We do not wish an example such as the following to become valid:

float do_bad_things(int n) {
  alignof(int) alignof(float)
    char buffer[max(sizeof(int), sizeof(float))];
  *(int*)buffer = n;      // #1
  return (*float*)buffer; // #2
}

The proposed rule would permit an int object to spring into existence to make line #1 valid, and would permit a float object to likewise spring into existence to make line #2 valid.

However, this example still does not have defined behavior under the proposed rule. The reason is a consequence of [basic.life]p4:

The properties ascribed to objects and references throughout this document apply for a given object or reference only during its lifetime.

Specifically, the value held by an object is only stable throughout its lifetime. When the lifetime of the int object in line #1 ends (when its storage is reused by the float object in line #2), its value is gone. Symmetrically, when the float object is created, the object has an indeterminate value ([dcl.init]p12), and therefore any attempt to load its value results in undefined behavior.

Thus we retain the property (essential to modern scalar type-based alias analysis) that loads of some scalar type can be considered to not alias earlier stores of unrelated scalar types.

2.4. Constant expressions

Constant expression evaluation is currently very conservative with regard to object creation. There is a tension here: on the one hand, constant expression evaluation gives us an opportunity to disallow runtime program semantics that we consider undesirable or problematic, and on the other hand, users strongly desire a full compile-time evaluation mechanism with the same semantics as the base language.

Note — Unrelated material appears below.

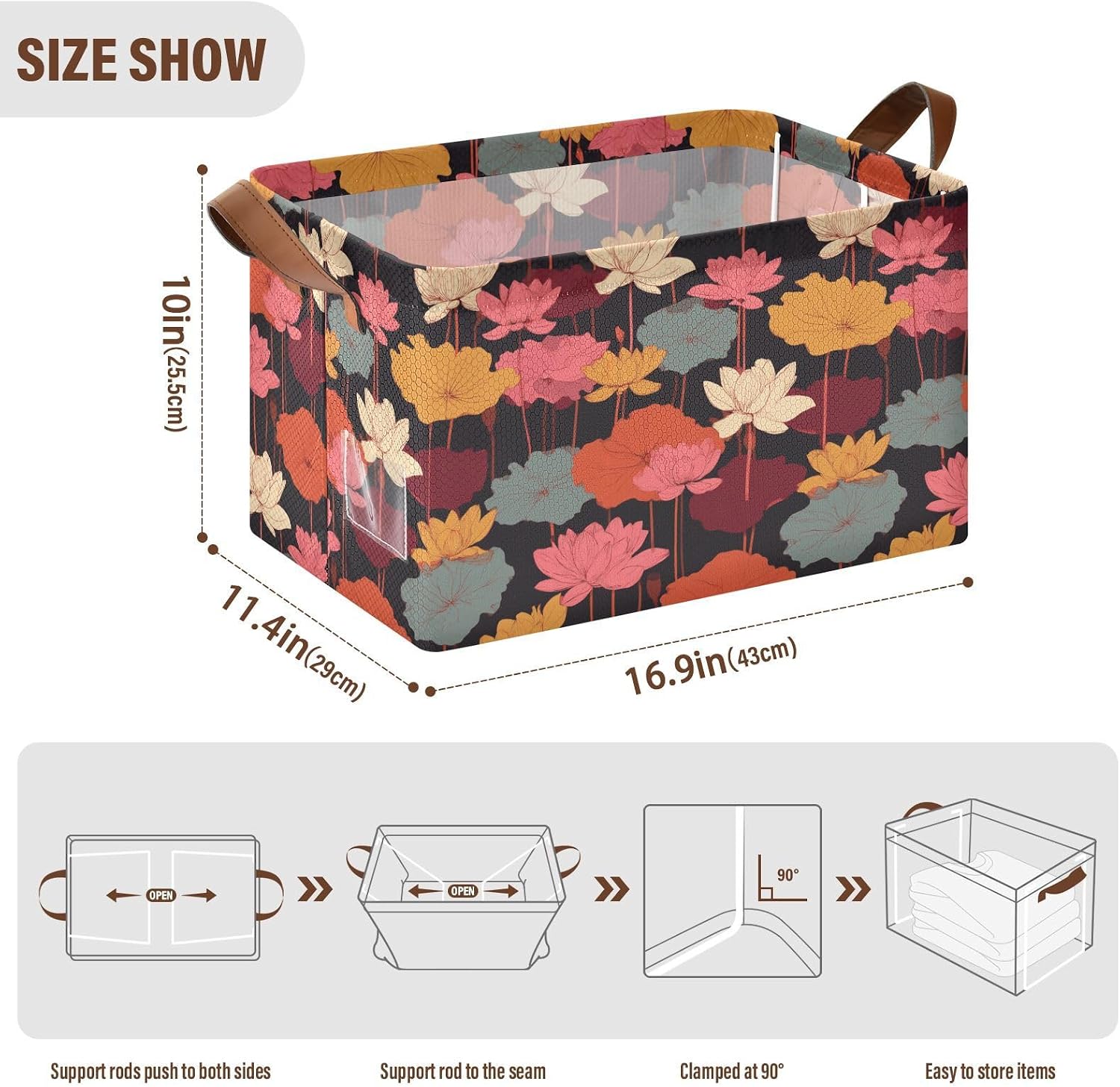 Colorful Water-lilies Flower Leaves Fabric Foldable Storage Baskets Cube Storage Organizer with Handles Bedroom Living Room Home Organization for Home Office,Closet Clothes Organizer image 3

Following the existing conservatism in constant expression evaluation (eg, the disallowance of changing the active member of a union), we propose that the implicit creation of objects should not be performed during such evaluation.

2.5. Practical examples

std::vector<int> vi;
vi.reserve(4);
vi.push_back(1);
int *p = &vi.back();
vi.push_back(2);
vi.push_back(3);
int n = *p;

Within the implementation of vector, some storage is allocated to hold an array of up to 5 ints. Ignoring minor differences, there are two ways to create implicit objects to give the execution of this program defined behavior: within the allocated storage, either an int[3] object or an int[4] object is created. Both are correct interpretations of the program, and naturally both result in the same behavior. We can choose to view the program as being in the superposition of those two states. If we add a fourth push_back call to the program prior to the initialization of n, then only the int[4] interpretation remains valid.

void process(Stream *stream) {
  unique_ptr<char[]> buffer = stream->read();
  if (buffer[0] == FOO)
    process_foo(reinterpret_cast<Foo*>(buffer.get())); // #1
  else
    process_bar(reinterpret_cast<Bar*>(buffer.get())); // #2
}

In this case, the program would have defined behavior if an object of type Foo or Bar (as appropriate for the content of the incoming data) were implicitly created prior to Stream::read populating its buffer. Therefore, regardless of which arm of the if is taken, there is a set of implicit objects sufficient to give the program defined behavior, and thus the behavior of the program is defined.

3. Acknowledgements

Thanks to Ville Voutilainen for raising this problem, and to the members of SG12 for discussing possible solutions.